Corresponding Author: So Ron Choi, Department of Anesthesiology and Pain Medicine, Dong-A University College of Medicine, 26, Daesingongwon-ro, Seo-gu, Busan 49201, Korea. Tel: +82-51-240-5390, Fax: +82-51-247-7819, choisr@dau.ac.kr
• Received: August 17, 2017   • Revised: September 18, 2017   • Accepted: October 16, 2017

Copyright © 2018 Kosin University College of Medicine

Articles published in Kosin Medical Journal are open-access, distributed under the terms of the Creative Commons Attribution Non-Commercial License (http://creativecommons.org/licenses/by-nc/4.0/) which permits unrestricted non-commercial use, distribution, and reproduction in any medium, provided the original work is properly cited.

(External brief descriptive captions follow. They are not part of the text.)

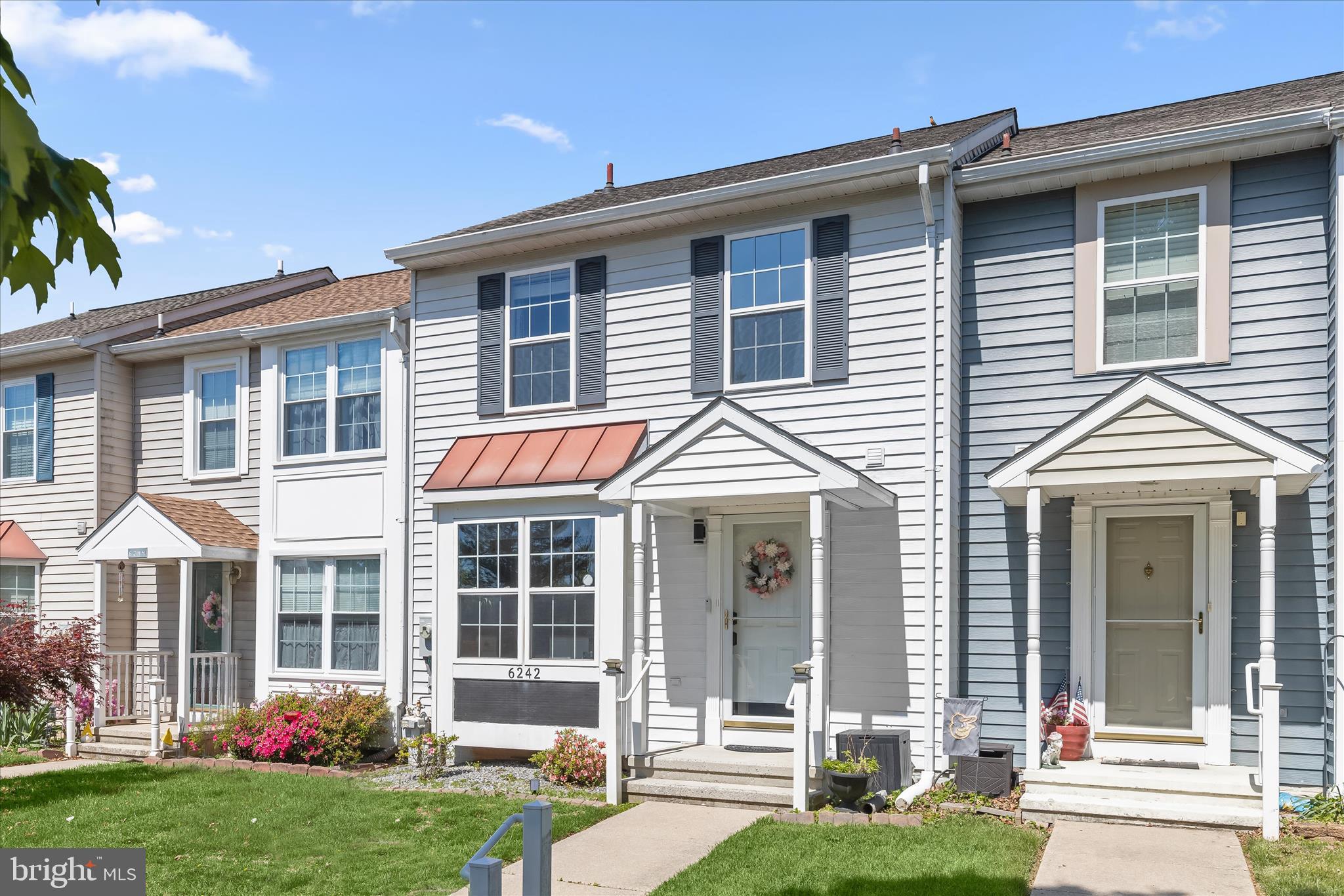 Backing to trees and offering a peaceful setting with a highly convenient location, this three-level townhome in Piney Ridge Village showcases thoughtful updates throughout, two private outdoor living spaces, and a well-designed layout that balances function and comfort.
The main level centers around an updated kitchen featuring white cabinetry enhanced with roll-out shelving and a lazy Susan, granite countertops, and recently replaced stainless steel appliances including a gas range and built-in refrigerator. A charming window seat with storage adds both character and practicality, while a pass-through window keeps the kitchen connected to the open concept living and dining areas. From the living room, step outside to a deck overlooking trees, complete with a retractable awning for added comfort. A half bath completes this level.
Upstairs, three bedrooms and a full bath provide comfortable accommodations. The primary bedroom includes a double closet, and the updated full bath features distinctive touches such as an arched ceiling detail separating the recently replaced shower from the vanity area, along with a convenient linen closet.
The lower level offers a spacious family room with a wall of closets spanning the width of the space, providing exceptional storage. A sliding glass door leads to a lower deck and a sizable backyard, one of the few in the community with direct walkout access and a wooded backdrop. This level also includes a full bath and a utility room with laundry and a gas dryer.
Additional highlights include beautiful landscaping, two reserved parking spaces with ample visitor parking, and a Ring alarm system with sensors on doors, windows, and smoke detectors. A radon mitigation system is already installed for added peace of mind. Since 2020, updates include a whole house water filter, shower, kitchen appliances, water heater, and washer and dryer.
This home benefits from easy access to everyday essentials. Grocery stores, shopping, and local restaurants are just minutes away, along with gyms and recreation facilities supporting a variety of fitness routines. Nearby schools serve the area, and parks, trails, and community spaces enhance the outdoor lifestyle. The community also maintains common areas, handles snow removal, and features a playground, rounding out a setting that balances convenience with a strong sense of community.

  • Knotting of a pulmonary artery catheter (PAC) is a rare, but well-known complication of pulmonary artery (PA) catheterization. We report a case of a double-knotted PAC with a large loop in a patient with hepatocellular carcinoma (HCC) undergoing liver transplantation, which has been rarely reported in the literature. A PAC was advanced under pressure wave form guidance. PAC insertion was repeatedly attempted and the PAC was inserted 80 cm deep even though PAC should be normally inserted 45 to 55 cm deep. However, since no wave change was observed, we began deflating and pulling the balloon. At the 30-cm mark, the PAC could no longer be pulled. Fluoroscopy confirmed knotting of the PAC after surgery (The loop-formed PAC was shown in right internal jugular vein); thus, it was removed. For safe PA catheterization, deep insertion or repeated attempts should be avoided when the catheter cannot be easily inserted into the pulmonary artery. If possible, the insertion of PACs can be performed more safely by monitoring the movement of the catheter under fluoroscopy or transesophageal echocardiography.

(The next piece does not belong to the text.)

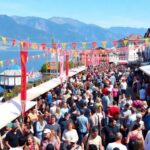 Crowds celebrating by the lake at Montreux 2025.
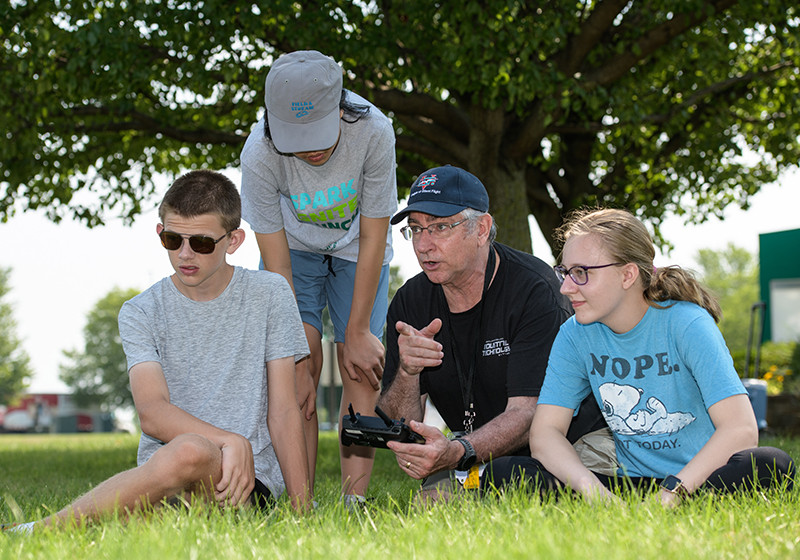 three students outside with instructor, holding controller for drone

The pulmonary artery catheter (PAC) has been used to monitor hemodynamic changes by measuring cardiac output (CO), pulmonary capillary wedge pressure, and mixed venous oxygen saturation. However, various complications associated with a PAC have been reported. We report a case of double-knotting of a PAC that is one of the complications of pulmonary artery (PA) catheterization.
A 40-year-old man (weight, 64 kg; height, 174.2 cm) was admitted to our institution for liver transplantation for hepatocellular carcinoma (HCC). This patient had undergone liver resection twice before that led to recurrences. He had no other underlying disease, and his echocardiogram and laboratory results were within normal range.
Anesthesia was induced via an intravenous injection of 14 mg etomidate and 20 mg cisatracurium, and intubation was performed. For monitoring continuous arterial blood pressure, cannulation was performed on the right radial artery and the dorsalis pedis artery. The femoral vein and the right internal jugular vein (IJV) were cannulated under ultrasound guidance. Particularly, an advanced venous access high-flow device (AVA HF, Edwards Lifesciences LLC, Irvine, California, USA) was used for the cannulation of the right IJV, through which a PAC (Swan-Ganz CCOmbo V, Edwards Lifesciences LLC, Irvine, California, USA) was inserted.
Although the entry of the PAC into the right ventricle (RV) was confirmed through pressure monitoring via the distal port of the PAC, it could not be inserted into the PA. After 3 attempts with a maximal depth of 50 cm, surgery was started while monitoring CO with FloTracTM. We did not tried any other attempts, including using fluoroscopy or transesophageal echocardiography (TEE) and changing position because of the inexperience of the practitioner. During surgery, we attempted to insert the PAC. After 2 attempts, the PAC was inserted 80 cm deep, incidentally. However, since no wave and electrocardiogram changes were observed, we started deflating and pulled the balloon. At the 30-cm mark, the PAC could no longer be pulled. We decided to examine the PAC with fluoroscopy after surgery and remove it.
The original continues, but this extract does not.